Before installing an above ground or in-ground swimming pool in your yard – especially if you have a septic system on your property – it’s critically important to be aware of the importance of getting the proper permits and adhering to code regulations.
When requesting permits to install a swimming pool, the Connecticut Health Department will determine whether or not to grant a permit based on two separate considerations:
- If you have the necessary distance between the anticipated pool and septic system
- Restrictions the pool installation could cause in the event your septic system is in need of repairs in the future
Take a look at what not to do!
Obviously, the proper code regulations were not followed. This is a nightmare job for a septic company.
Septic System & Pool Distances
The CT Public Health Code details the separation distances between your septic system and your swimming pool. The distance for an above-ground pool is 10 feet and the distance for an in-ground pool is 25 feet.
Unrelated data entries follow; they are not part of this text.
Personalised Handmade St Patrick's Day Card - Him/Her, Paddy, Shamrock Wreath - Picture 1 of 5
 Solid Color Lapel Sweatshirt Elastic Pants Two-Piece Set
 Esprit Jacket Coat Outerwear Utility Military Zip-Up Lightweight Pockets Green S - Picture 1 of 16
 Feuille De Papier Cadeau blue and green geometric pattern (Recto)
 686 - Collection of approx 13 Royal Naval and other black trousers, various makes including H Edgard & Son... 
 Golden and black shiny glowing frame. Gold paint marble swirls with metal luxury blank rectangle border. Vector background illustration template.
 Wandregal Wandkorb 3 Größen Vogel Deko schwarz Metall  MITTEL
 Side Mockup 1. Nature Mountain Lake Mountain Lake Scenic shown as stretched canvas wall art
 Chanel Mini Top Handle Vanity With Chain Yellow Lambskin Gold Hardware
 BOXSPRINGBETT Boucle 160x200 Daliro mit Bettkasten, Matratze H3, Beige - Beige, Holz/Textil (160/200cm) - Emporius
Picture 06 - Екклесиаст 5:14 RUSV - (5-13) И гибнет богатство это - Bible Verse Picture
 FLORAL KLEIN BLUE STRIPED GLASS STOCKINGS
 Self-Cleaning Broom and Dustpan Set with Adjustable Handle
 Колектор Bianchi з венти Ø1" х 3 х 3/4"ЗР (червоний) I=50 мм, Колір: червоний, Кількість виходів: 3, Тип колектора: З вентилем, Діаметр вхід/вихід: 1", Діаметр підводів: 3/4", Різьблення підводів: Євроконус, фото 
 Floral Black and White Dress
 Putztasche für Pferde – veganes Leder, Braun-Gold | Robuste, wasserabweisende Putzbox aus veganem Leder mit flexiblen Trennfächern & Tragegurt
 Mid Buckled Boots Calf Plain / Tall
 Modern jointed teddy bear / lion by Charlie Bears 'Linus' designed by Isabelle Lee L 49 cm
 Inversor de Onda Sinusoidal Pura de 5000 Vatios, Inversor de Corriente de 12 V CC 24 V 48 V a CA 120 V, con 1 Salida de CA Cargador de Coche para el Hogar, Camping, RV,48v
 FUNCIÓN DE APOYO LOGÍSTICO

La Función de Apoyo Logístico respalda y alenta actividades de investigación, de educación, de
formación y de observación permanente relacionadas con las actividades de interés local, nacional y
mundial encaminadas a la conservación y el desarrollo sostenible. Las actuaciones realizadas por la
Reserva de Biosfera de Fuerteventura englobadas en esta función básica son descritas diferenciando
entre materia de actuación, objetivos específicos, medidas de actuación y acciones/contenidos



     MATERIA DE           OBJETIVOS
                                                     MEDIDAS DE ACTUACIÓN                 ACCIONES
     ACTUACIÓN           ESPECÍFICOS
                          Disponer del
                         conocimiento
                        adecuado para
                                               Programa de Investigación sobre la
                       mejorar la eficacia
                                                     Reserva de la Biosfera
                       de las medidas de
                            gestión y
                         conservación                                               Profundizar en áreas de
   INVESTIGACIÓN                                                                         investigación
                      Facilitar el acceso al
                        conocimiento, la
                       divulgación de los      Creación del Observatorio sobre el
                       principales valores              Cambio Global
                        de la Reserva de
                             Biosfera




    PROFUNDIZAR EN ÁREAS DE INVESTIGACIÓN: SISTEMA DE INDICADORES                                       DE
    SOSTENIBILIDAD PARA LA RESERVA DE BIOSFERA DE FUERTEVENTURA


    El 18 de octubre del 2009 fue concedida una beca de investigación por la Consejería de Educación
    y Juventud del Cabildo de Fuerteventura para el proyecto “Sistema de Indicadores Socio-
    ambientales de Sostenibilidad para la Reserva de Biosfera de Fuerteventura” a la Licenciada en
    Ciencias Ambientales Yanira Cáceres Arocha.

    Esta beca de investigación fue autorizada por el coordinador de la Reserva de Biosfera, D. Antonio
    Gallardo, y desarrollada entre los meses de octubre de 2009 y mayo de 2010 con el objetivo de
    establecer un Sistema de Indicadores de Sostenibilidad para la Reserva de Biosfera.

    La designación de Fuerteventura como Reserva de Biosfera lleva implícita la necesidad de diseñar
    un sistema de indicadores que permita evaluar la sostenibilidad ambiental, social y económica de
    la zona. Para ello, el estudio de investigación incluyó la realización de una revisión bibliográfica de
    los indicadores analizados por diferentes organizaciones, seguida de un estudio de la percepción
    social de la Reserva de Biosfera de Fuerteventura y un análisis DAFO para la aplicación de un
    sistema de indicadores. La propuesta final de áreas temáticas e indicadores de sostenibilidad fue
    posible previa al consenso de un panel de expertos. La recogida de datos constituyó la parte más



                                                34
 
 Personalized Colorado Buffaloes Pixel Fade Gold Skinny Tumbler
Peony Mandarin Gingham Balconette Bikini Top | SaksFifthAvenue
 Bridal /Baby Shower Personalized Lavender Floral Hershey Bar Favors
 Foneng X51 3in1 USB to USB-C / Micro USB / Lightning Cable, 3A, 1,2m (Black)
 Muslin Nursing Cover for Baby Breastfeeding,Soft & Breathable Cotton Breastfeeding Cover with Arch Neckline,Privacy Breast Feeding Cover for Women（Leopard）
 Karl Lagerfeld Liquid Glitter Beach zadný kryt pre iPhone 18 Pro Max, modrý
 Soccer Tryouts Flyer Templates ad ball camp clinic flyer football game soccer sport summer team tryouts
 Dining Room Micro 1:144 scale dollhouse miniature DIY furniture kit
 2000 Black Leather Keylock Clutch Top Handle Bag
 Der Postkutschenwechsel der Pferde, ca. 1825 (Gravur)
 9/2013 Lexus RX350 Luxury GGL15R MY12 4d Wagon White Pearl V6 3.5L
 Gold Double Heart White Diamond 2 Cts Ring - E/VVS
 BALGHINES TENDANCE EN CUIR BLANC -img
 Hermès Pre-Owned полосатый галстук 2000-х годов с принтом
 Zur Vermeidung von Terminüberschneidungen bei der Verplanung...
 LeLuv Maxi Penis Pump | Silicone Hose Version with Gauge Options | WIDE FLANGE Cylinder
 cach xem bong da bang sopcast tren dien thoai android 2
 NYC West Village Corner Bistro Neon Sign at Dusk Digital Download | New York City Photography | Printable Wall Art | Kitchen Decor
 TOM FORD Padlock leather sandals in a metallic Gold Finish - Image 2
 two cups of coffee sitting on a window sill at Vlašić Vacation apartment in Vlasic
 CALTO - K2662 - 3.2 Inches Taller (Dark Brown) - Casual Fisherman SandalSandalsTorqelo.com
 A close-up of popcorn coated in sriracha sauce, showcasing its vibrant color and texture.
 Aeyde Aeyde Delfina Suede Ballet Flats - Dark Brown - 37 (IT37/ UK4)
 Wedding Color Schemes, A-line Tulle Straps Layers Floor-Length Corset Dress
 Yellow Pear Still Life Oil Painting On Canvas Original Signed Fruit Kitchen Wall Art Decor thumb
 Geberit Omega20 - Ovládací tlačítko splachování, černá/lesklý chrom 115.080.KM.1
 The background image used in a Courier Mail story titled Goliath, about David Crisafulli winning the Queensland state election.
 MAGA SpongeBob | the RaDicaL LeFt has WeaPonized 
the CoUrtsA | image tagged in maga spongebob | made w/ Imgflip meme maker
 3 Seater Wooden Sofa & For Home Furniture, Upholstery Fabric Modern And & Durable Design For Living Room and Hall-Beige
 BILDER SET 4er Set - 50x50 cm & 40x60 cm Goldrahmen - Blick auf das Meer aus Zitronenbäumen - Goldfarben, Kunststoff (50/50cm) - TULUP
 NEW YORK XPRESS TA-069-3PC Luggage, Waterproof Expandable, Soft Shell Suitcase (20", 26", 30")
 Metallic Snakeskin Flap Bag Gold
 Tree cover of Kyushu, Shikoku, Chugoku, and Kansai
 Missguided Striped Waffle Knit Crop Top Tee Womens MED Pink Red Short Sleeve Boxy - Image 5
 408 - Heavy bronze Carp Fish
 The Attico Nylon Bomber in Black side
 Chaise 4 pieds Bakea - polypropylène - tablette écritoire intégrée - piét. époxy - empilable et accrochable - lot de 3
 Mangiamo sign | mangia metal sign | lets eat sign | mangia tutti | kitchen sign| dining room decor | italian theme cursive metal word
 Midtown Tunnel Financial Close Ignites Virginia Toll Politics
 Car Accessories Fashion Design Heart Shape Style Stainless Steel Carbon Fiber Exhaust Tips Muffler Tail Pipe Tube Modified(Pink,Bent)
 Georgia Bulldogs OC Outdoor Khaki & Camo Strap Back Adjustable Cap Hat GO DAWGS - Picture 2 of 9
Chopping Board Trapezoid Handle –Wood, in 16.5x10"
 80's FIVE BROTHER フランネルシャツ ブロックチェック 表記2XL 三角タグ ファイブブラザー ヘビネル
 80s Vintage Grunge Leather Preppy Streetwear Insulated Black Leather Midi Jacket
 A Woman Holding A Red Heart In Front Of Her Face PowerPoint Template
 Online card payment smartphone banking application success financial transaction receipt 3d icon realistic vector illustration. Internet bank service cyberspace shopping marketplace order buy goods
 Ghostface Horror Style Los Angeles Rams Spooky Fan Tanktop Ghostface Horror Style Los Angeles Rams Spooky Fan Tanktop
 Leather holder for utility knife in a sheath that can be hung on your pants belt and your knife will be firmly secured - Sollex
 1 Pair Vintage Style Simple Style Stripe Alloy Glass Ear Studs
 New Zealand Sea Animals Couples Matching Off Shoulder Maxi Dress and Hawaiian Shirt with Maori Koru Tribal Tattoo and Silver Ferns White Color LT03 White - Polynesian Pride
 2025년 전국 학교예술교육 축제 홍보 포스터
Therefore, swimming pool installation permits must contain a site plan displaying the location of the septic system, the projected location of the pool, and the distance between the two. You should know, however, that the septic tank does not make up the complete septic system. The leaching system is considerably larger and takes up more real estate than the septic tank alone — it must also be included in the site plan.
If you do not know the location of your septic system, most can be found on “as-built” drawings that should have been done at the time the septic system was built. These documents are typically accessible at the town hall where you live. Keep in mind that these drawings are not to scale, but the measurements should be correct. Once obtained, you can use these measurements to field locate your system. If there is no as-built record of your system location, you will need the assistance of a licensed septic system contractor.
Prior to granting a permit for pool installation, the CT Department of Health will ask the following question:
When construction is complete, will there be adequate room on your property, and suitable soil conditions to construct a septic system which meets all parts of the Public Health Code?
If the answer is a definite yes, the permit will be approved. If not, there may be a need for an on-site visit by the Health Department. If at that visit they do not find the required information, soil testing will more than likely have to be done. If the code complying area still can’t be determined, the permit will not be approved.